Recently, many column inches have been written about the concerning situation at one of China’s largest property developers, Evergrande. But what does it all mean, and should you be concerned about the developer’s… developments?
Why? Why? Why? (Buy! Buy! Buy!)
Evergrande, not to be confused with Evergreen, the tanker stuck in the Suez Canal, has been on a period of rapid growth in recent years due to China’s property boom. It did so through borrowing money while interest rates were low, but it borrowed a lot, £220bn. It’s worth noting that while Evergrande is perhaps best known for property development, it also makes a lot of other stuff too like electric cars, financial products and even food manufacturing.
So, who’s funding it all? Evergrande has borrowed heavily in the form of bonds to get its projects moving, which isn’t uncommon. But now the Chinese government has changed some of the rules around how much debt a company can have, and Evergrande has too much. It has been scrambling to sell projects, often at heavy discounts, to keep the proverbial lights on.
Just as if you had a borrowed money for a new car, Evergrande must make payments to those that have lent money to the company. Most of the people and companies it owes are in China, but money has come from all over the world. Last week, it failed to make a payment of US$83.5m (£61.2m) on a US$2bn (£1.5bn) bond it offered, and now enters a 30-day grace period where it makes the payment (good) or goes into default (bad).
Everything is connected
But this is just one company, so why all the fuss? One of the key reasons for those watching the situation develop with furrowed brows is that Evergrande affects lots of other markets too. Some of these are obvious links, such as the supply chain of bricks and mortar it buys for property development, or the materials for building electric cars, but some of them aren’t as easy to spot – in the business world this is called contagion.
Two months ago, very few people would have seen that rising gas prices could lead to flat beer and the threat of no turkey on the Christmas dinner table. The link between cause and effect is not obvious immediately. However, that is exactly the point, the modern manufacturing economy is so interconnected, and the links to other markets are so diverse, they can take some time to become apparent.

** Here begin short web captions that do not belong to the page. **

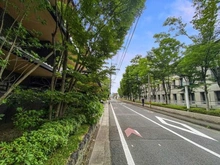 【京都府/京都市上京区寺町通広小路上る】イーグルコート京都御所梨木の杜 前面道路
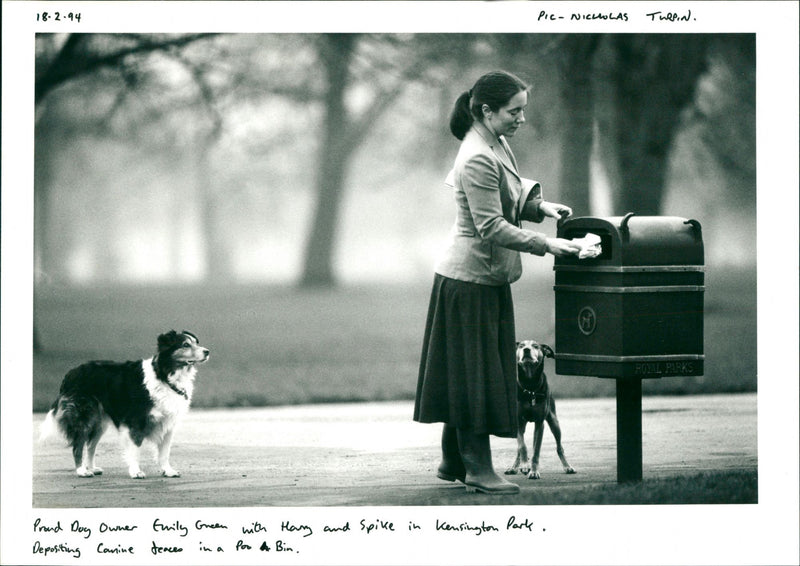 Dogs - Vintage Photograph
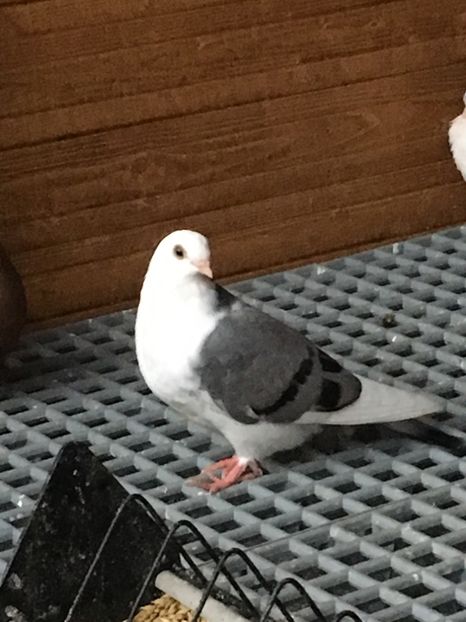 Pui 2019 - Poze de prin voliera 2019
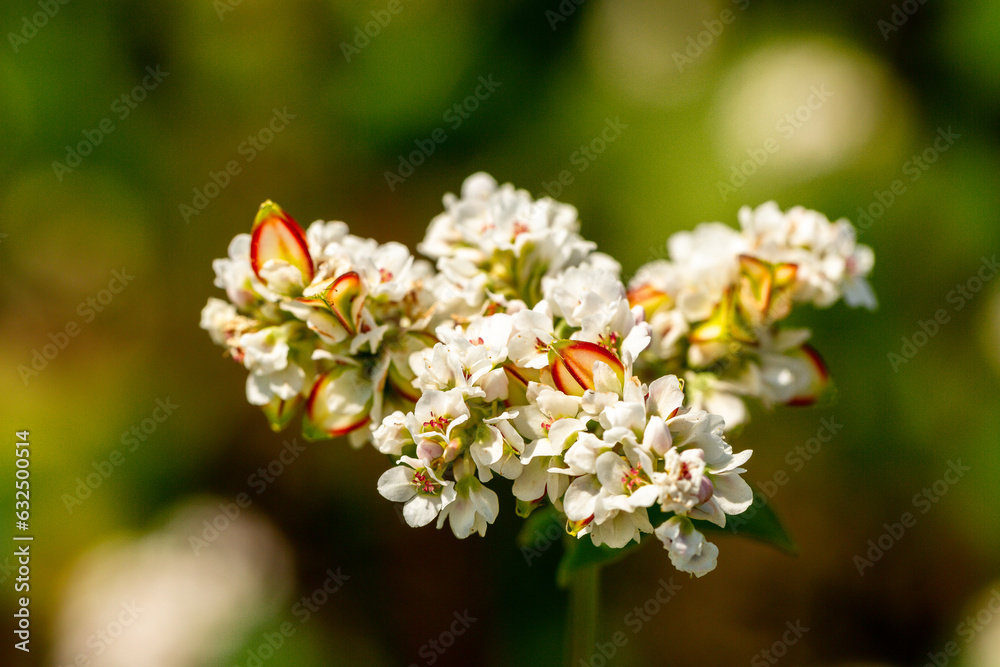 Buckwheat macro with white flowers. Fagopyrum esculentum Buckwheat macro with white flowers. Fagopyrum esculentum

It’s a similar situation with Evergrande, which is why so many people are watching the rapidly changing situation. There are also similarities between what’s going on at Evergrande and what preceded the financial crash of 2008. But despite the noise, it’s not quite the same as the banking crisis where contagion risks weren’t nearly as well understood and monitored as they are nowadays.
How will it affect me?
It’s a fast-moving situation which is also really complicated, so quantifying how bad it will be is tricky. What we can say with some confidence, is that those with a lot of exposure to the company will be affected the most.
But as we mentioned above, the ripple effects through contagion generally take a little while to surface, and things will be a lot clearer in the coming weeks and months. After the grace period, more payments will become due, and we’ll have a better view of the Chinese government’s preferred way out.
Naturally, it wants Evergrande to get out of this intact. But, unlike the US or UK governments, it sees bailing out the company as a bad example to set. At the moment, it appears to prefer Evergrande negotiate its debts.
What should I do?
It’s too early to get a picture of the potential repercussions of the situation at Evergrande, and therefore too early to say which funds, if any, are exposed. If you have a financial adviser, you could get in contact with them to see how the risks are being managed. If not, it’s worth keeping an eye on how the situation develops. As the picture becomes clearer, we’ll update this blog to help explain how it might affect investors around the UK.